安藤直樹シリーズ。本書は、もう完全にぶっ壊れてしまっている人たちのお話。彼らの狂気に恐ろしくなる一方で少し憧れてもしまいながら読みました。
時系列としてはシリーズで最も前。安藤裕子の中学生時代、以前の作品でも少し触れられているエピソードを描いた外伝とか過去編という感じの作品です。

まず目に付くのは文体ですね。今まではわりと平易な言葉で読みやすかったのですが、本作はあの小林が終始ぶっ通しで語り手を務めているせいか、妙に難しい言葉が多く読みづらかったです。それだけならまだしも、誤字や脱字はいつもより多いくらいだったのもつらいところ。それでも一気に読めるのはストーリーの面白さを証明しているとも言えますが......。

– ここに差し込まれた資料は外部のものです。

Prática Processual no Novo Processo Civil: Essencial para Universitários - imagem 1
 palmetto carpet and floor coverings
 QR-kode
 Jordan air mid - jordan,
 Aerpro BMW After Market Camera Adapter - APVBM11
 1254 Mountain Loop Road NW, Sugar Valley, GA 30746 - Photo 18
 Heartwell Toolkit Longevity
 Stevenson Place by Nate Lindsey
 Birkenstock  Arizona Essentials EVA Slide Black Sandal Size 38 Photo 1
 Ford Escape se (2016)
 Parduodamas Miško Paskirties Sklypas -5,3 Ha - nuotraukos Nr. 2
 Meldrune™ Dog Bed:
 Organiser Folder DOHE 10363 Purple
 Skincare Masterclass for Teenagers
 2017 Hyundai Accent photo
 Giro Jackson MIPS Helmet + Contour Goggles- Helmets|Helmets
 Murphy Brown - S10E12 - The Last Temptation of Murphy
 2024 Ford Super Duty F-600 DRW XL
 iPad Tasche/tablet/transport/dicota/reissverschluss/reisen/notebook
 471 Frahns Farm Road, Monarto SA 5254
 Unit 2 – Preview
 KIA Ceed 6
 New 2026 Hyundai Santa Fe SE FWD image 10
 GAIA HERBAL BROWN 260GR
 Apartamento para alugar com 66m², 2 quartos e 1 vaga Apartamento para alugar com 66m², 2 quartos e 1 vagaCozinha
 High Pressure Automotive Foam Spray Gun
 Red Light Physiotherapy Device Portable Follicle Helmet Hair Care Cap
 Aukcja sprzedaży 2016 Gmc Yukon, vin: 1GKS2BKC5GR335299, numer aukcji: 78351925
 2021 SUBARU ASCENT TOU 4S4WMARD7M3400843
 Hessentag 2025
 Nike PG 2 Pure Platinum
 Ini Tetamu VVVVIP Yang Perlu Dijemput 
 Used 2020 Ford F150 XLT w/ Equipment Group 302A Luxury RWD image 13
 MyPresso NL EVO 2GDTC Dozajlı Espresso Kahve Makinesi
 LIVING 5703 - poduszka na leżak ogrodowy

内容はもはやミステリではなく青春バトルホラー、例えるなら高見広春バトル・ロワイアル』にカニバリズムを塗りたくって浦賀色にしたような雰囲気といえばなんとなく伝わるかと。なんせ1行目が「子供は親の食べ物じゃないよッ!」ですからね。全編に渡ってカニバリズムに溢れています。

そしてなんといっても今回は完全に小林くんの一人称で描かれる安藤裕子への恋が見どころで、そこからこれまであまり語られなかった安藤裕子という少女の人となりが見えてきます。まあぁ~~憎ったらしいですけどね!でもそんなところが可愛い。小林くんが夢中になるのも分かりますね。中学生なら好きだったよこういう子。と、思っているとどんどんエグいことになってって最終的に「まじかよ、ひくわー」と思いましたけど。しかし、『頭蓋骨の中の楽園』で彼はここに囚われていたのかぁ、と感慨深くなり、むしろ『頭蓋骨の中の楽園』への評価がますます上がりました。

『頭蓋骨~』『とらわれびと』でどんどんミステリっぽくなってきたかと思った矢先になんとも形容し難い本作が出てきたのでほんとに一筋縄ではいかんシリーズだなぁと思いましたが、シリーズファンなら過去作との関連もあって楽しいと思います。